How can you identify an imminent Market Crash and how can you exploit it to your advantage?
Is it even possible?
Of course! And in this article you will learn exactly how.
How to identify a Market Crash
The most simple definition of a Market Crash is the following:
A steep increase of an asset’s price, not justified by the fundamentals, immediately followed by a sudden collapse.
In reality, the whole process that leads to a crash is a lot more articulated and develops over a prolonged period.
The good news?
You have plenty of time to identify a bubble while it is developing and when it ultimately bursts.
In 1986 the economist Hyman P. Minsky is his publication Stabilising an unstable economy was the first to split a bubble into 5 different phases.
Displacement: a new paradigm (e.g., a new technology, a new revolutionary product) or maybe extraordinary low interest rates get the attention of the market participants.
Boom: prices rise progressively and build momentum with time as more traders and investors buy the asset. The more participants get in, the more the asset gets public attention and the more further participants suffer the fear of missing out.
Euphoria: prices skyrocket and trading decisions are no more justified by the underlying fundamentals but rather by greed and the fear to miss the once-in-a-lifetime opportunity.
Profit-Taking: smartest participants understand the irrational situation and start to liquidate their positions knowing that once a bubble has burst it will not inflate again.

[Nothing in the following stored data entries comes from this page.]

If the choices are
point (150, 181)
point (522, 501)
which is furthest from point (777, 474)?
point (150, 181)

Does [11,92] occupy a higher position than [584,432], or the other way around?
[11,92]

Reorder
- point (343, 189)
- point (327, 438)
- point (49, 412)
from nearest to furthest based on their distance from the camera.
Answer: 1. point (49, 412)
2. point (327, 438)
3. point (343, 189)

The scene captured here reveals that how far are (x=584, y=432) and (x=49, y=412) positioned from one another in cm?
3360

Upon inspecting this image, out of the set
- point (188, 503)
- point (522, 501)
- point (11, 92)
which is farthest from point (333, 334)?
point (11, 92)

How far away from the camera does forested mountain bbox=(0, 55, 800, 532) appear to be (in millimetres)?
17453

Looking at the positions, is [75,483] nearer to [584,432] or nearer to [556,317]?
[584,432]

Panic: prices collapse. Like for the sudden rise, the movement is completely irrational and fueled by emotions. Participants who bought the asset near its peak try to liquidate it but the demand isn’t there so prices drop even further.
The Dot-Com crash
Let’s see step-by-step what happened in the early 2000’s when the Dot-Com bubble burst.
Displacement: computers, internet and technology-based companies in general, revolutionized the world in the ’90s.

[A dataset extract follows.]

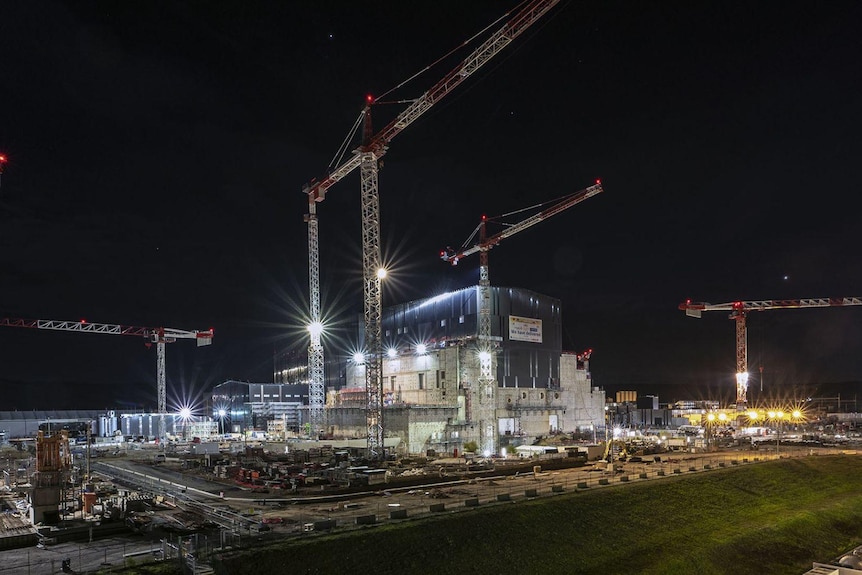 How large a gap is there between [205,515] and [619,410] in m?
125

Boom: market participants started to pour money into tech startups feeling that they would be an extremely profitable asset going on.
Euphoria: speculative traders poured money into tech assets causing greed into private investors which, in turn, put even more money into companies that barely generated any profits but were offering Initial Public Offerings (IPOs).

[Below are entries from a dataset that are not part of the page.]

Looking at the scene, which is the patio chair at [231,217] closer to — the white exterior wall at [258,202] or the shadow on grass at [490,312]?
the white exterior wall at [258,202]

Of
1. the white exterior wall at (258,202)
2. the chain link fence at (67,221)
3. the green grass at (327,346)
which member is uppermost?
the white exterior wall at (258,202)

Profit-Taking: smartest participants started to liquidate their positions knowing that there was no real value in most of the underlying assets.
Panic: prices started to collapse and panic did the rest. Companies with tens of millions in market capitalization became worthless within a short period of time.
What you can do in a Market Crash
Now you understand that a Market Crash is not just a sudden collapse in prices but rather a long-developing process.
Why is it so important?
Because, depending on the type of trader or investor you are, you can exploit the whole process to your advantage.
Probably, you will want to exploit as much as you can the frenzy during the Euphoria, stopping only when the Profit-Taking phase begins.
Actually, if you’re comfortable shorting a falling asset, then you will want to exploit the Panic phase as well.
What if, instead, you are a long-term investor?
Being an investor, you are not looking to maximise your profits in the short-term, hence exposing to excessive risk.
This could mean two things. You can
stay away from speculative assets
hold your positions for the long-term
If you just thought “What the heck? A bubble is one hell of an opportunity!” you should think twice.
It is true that in the short-term it could offer significant opportunities both to the upside and the downside. However, you are risking your money many times more than you normally would which, in turn, means that you are more likely to lose your capital many times more than you normally would.
Consider, for instance, Warren Buffett.
He always stayed away from any risky asset and with just 3 Minimalist Rules he was able to accumulate enough capital to become one of the wealthiest in the world.